**TASK ITEM:** Look through the listing below for the line with "fresh coffee beans" and the line with "Black composite front". Copy both, along with every line between them, exactly and with no pictures.

**MATERIAL FOR THE TASK:**
==============================

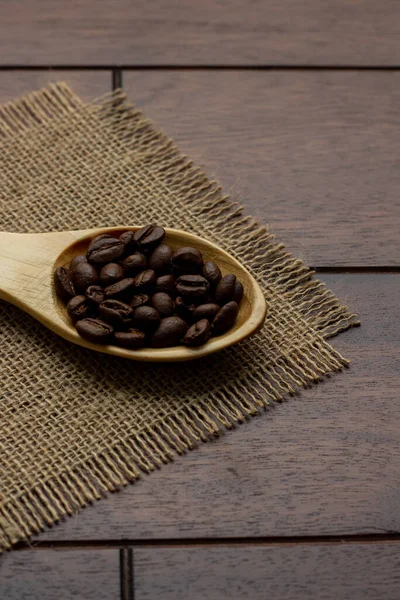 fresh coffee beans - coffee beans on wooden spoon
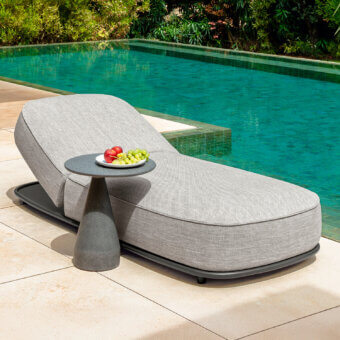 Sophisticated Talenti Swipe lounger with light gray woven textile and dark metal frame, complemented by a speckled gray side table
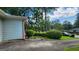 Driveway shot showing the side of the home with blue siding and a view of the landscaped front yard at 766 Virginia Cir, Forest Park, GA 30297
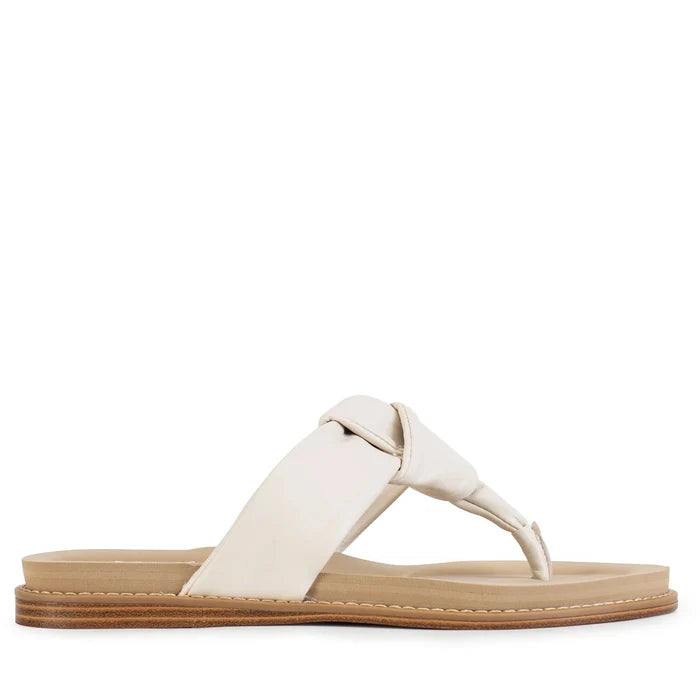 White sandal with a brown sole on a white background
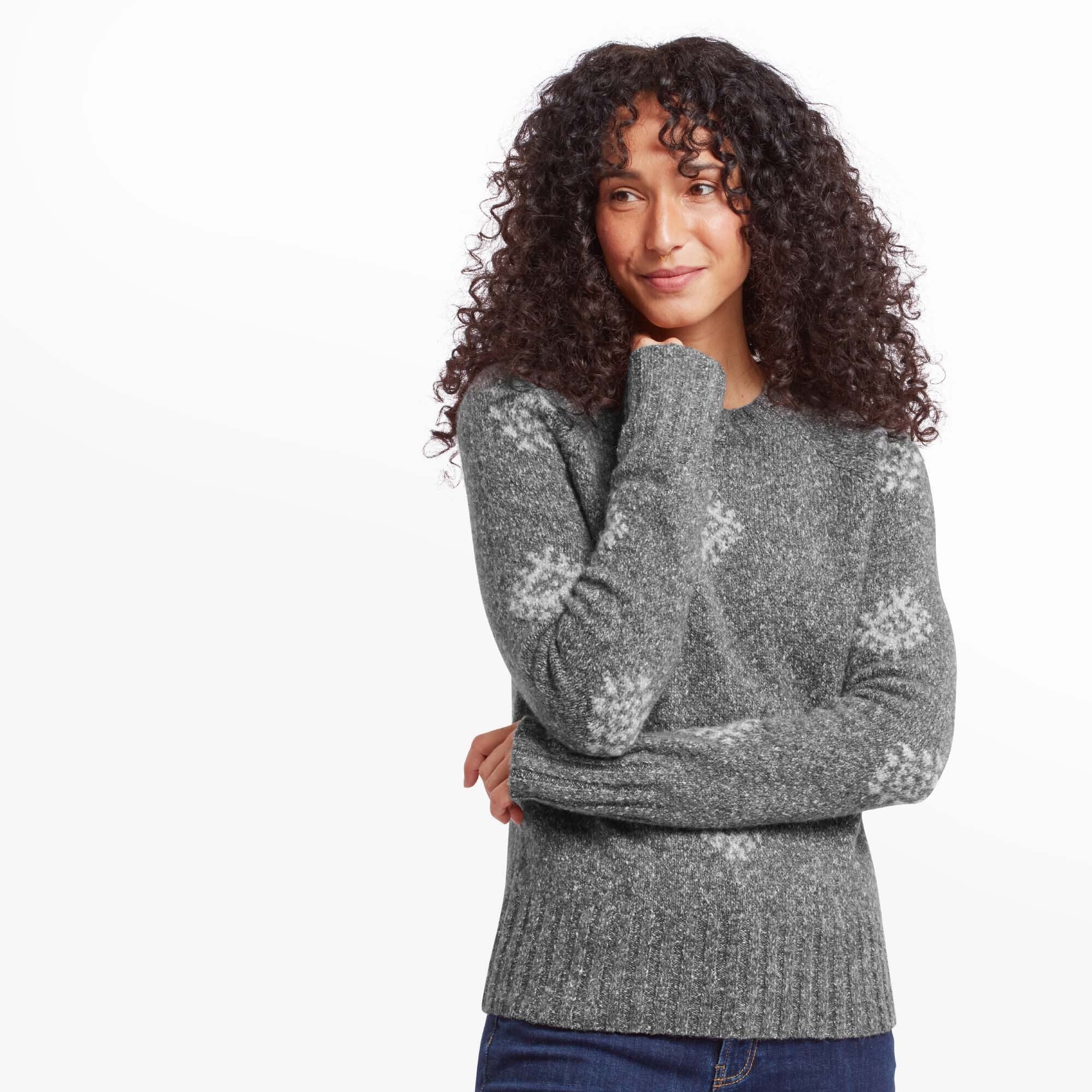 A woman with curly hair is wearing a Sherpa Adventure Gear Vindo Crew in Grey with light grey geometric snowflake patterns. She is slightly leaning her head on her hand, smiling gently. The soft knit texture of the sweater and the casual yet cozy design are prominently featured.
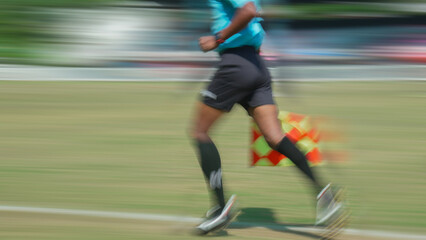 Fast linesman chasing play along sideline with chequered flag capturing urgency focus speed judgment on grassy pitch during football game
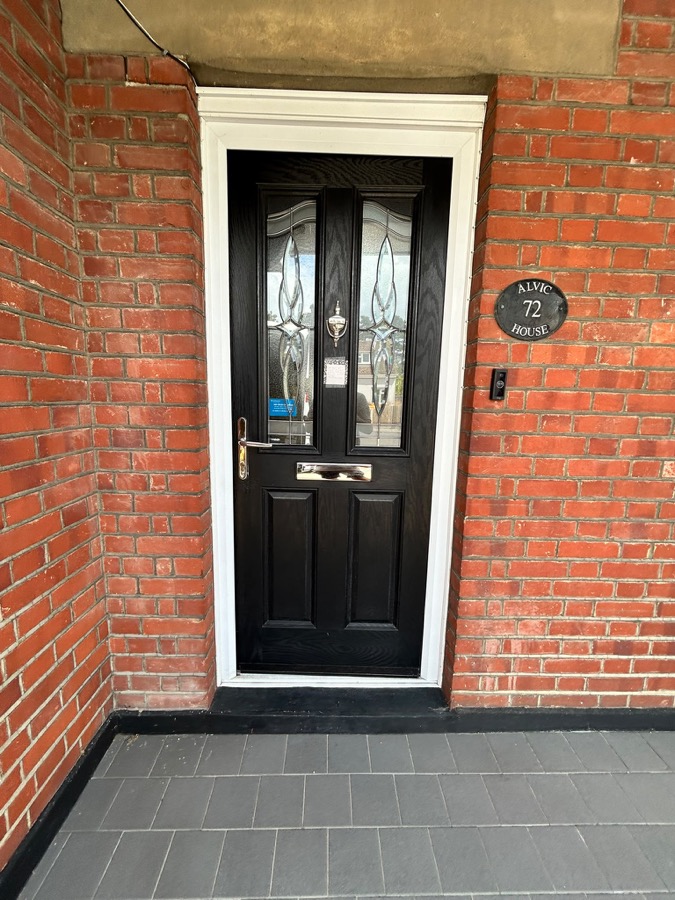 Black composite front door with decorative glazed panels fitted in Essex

==============================

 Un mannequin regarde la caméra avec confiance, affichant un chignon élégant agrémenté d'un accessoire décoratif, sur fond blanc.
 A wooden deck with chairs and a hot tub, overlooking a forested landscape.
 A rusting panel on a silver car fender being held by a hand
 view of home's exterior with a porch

==============================

**ANSWER TO THIS EXERCISE:**
 fresh coffee beans - coffee beans on wooden spoon
 Sophisticated Talenti Swipe lounger with light gray woven textile and dark metal frame, complemented by a speckled gray side table
 Driveway shot showing the side of the home with blue siding and a view of the landscaped front yard at 766 Virginia Cir, Forest Park, GA 30297
 White sandal with a brown sole on a white background
 A woman with curly hair is wearing a Sherpa Adventure Gear Vindo Crew in Grey with light grey geometric snowflake patterns. She is slightly leaning her head on her hand, smiling gently. The soft knit texture of the sweater and the casual yet cozy design are prominently featured.
 Fast linesman chasing play along sideline with chequered flag capturing urgency focus speed judgment on grassy pitch during football game
 Black composite front door with decorative glazed panels fitted in Essex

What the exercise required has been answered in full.